**YOUR ASSIGNMENT**: Give back every entry exactly; drop the pictures.

**Items from a data source**:
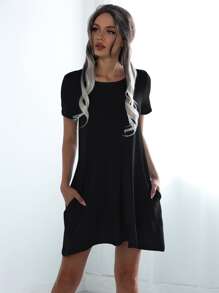 SHEIN LUNE 素色傾斜口袋T恤洋裝 - 黑色 - 查看 3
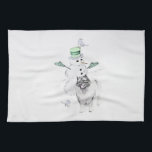 Keeshond Christmas Snowman Painting Dog Art Tea Towel<br><div class="desc">Keeshond Christmas Snowman dog portrait, original painting. We specialise in cute and funny original art. Buy this for yourself or as a great gift for your Keeshond loving friends. Be creative - click on CUSTOMIZE to add/remove/change text, resize the picture, change colours or anything else the customisation tool will allow!...</div>
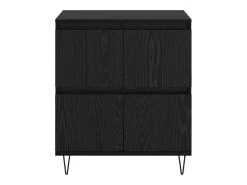 Aparador con almacenaje con puerta Negro 60 x 35 x 70 cm Madera de ingeniería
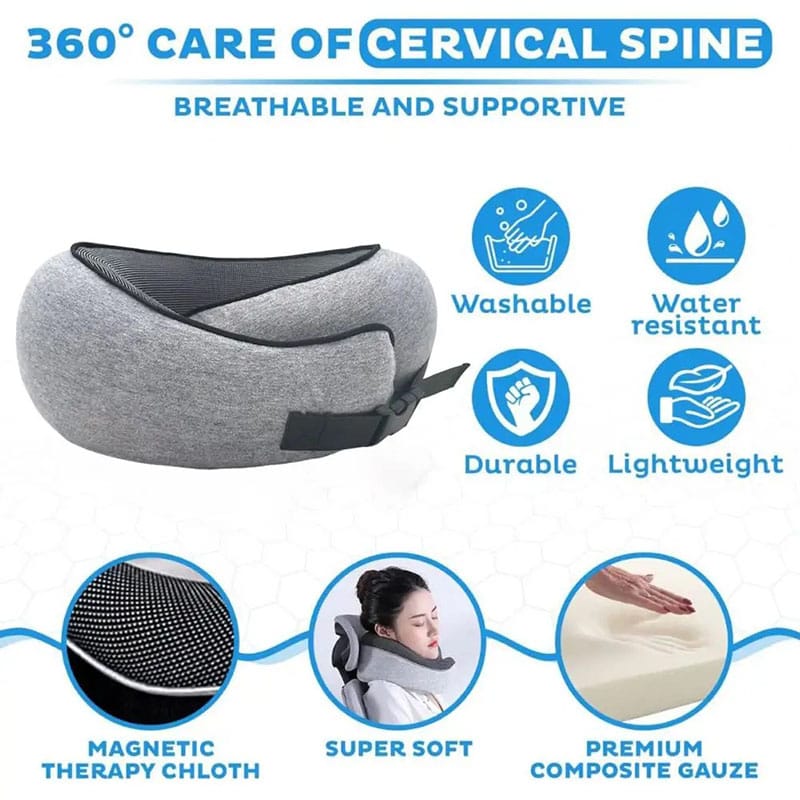 Travel Neck Pillow 360° Memory Foam Washable Cover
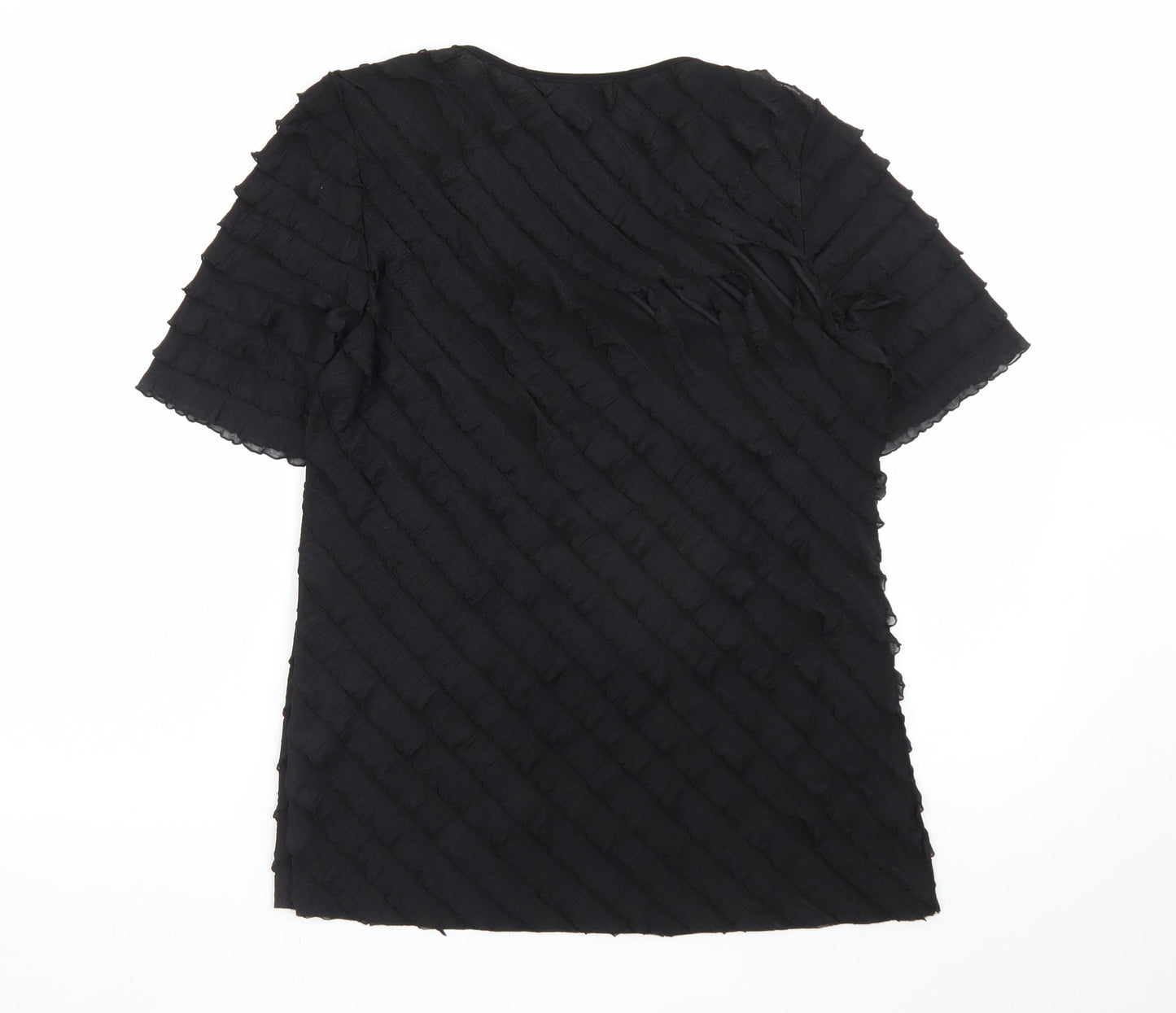 Bassini Women’s Black Size 12 Short Sleeve Ruffle Stretch Top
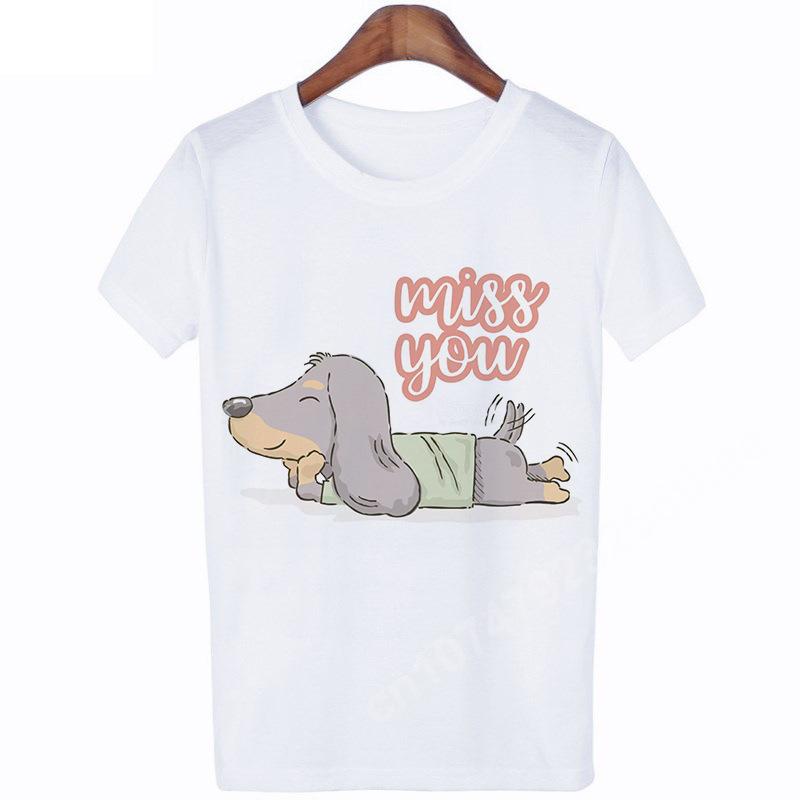 Funny Dachshund Dog Print T-Shirts For Women Short Sleeve Y2K Top Harajuku Graphic T Shirt Kawaii Clothing Oversized Casual Tee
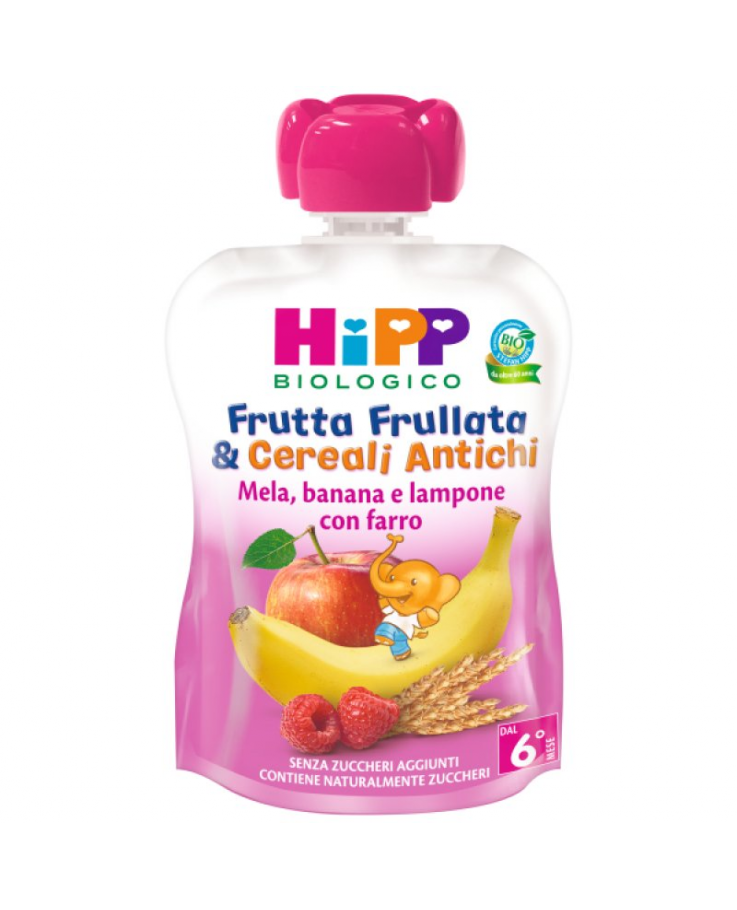 Frutta Frullata & Cereali Antichi HiPP Mela Banana Lampone 90g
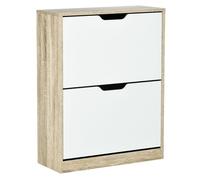 HOMCOM Zapatero Estrecho, 2 Puertas Abatibles, Zapatero Entrada Recibidor para 8 Pares de Zapatos, para Pasillo, Espacios Reducidos, 62,5x26x81 cm, Roble y Blanco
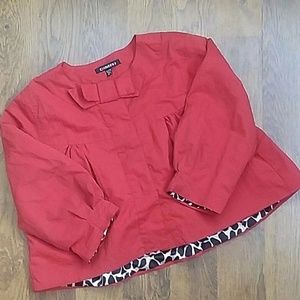 DIMRI Jacket Cropped Solid Red Animal Print Lining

**SOLUTION TO THE EXERCISE**:
 SHEIN LUNE 素色傾斜口袋T恤洋裝 - 黑色 - 查看 3
 Keeshond Christmas Snowman Painting Dog Art Tea Towel<br><div class="desc">Keeshond Christmas Snowman dog portrait, original painting. We specialise in cute and funny original art. Buy this for yourself or as a great gift for your Keeshond loving friends. Be creative - click on CUSTOMIZE to add/remove/change text, resize the picture, change colours or anything else the customisation tool will allow!...</div>
 Aparador con almacenaje con puerta Negro 60 x 35 x 70 cm Madera de ingeniería
 Travel Neck Pillow 360° Memory Foam Washable Cover
 Bassini Women’s Black Size 12 Short Sleeve Ruffle Stretch Top
 Funny Dachshund Dog Print T-Shirts For Women Short Sleeve Y2K Top Harajuku Graphic T Shirt Kawaii Clothing Oversized Casual Tee
 Frutta Frullata & Cereali Antichi HiPP Mela Banana Lampone 90g
 HOMCOM Zapatero Estrecho, 2 Puertas Abatibles, Zapatero Entrada Recibidor para 8 Pares de Zapatos, para Pasillo, Espacios Reducidos, 62,5x26x81 cm, Roble y Blanco
 DIMRI Jacket Cropped Solid Red Animal Print Lining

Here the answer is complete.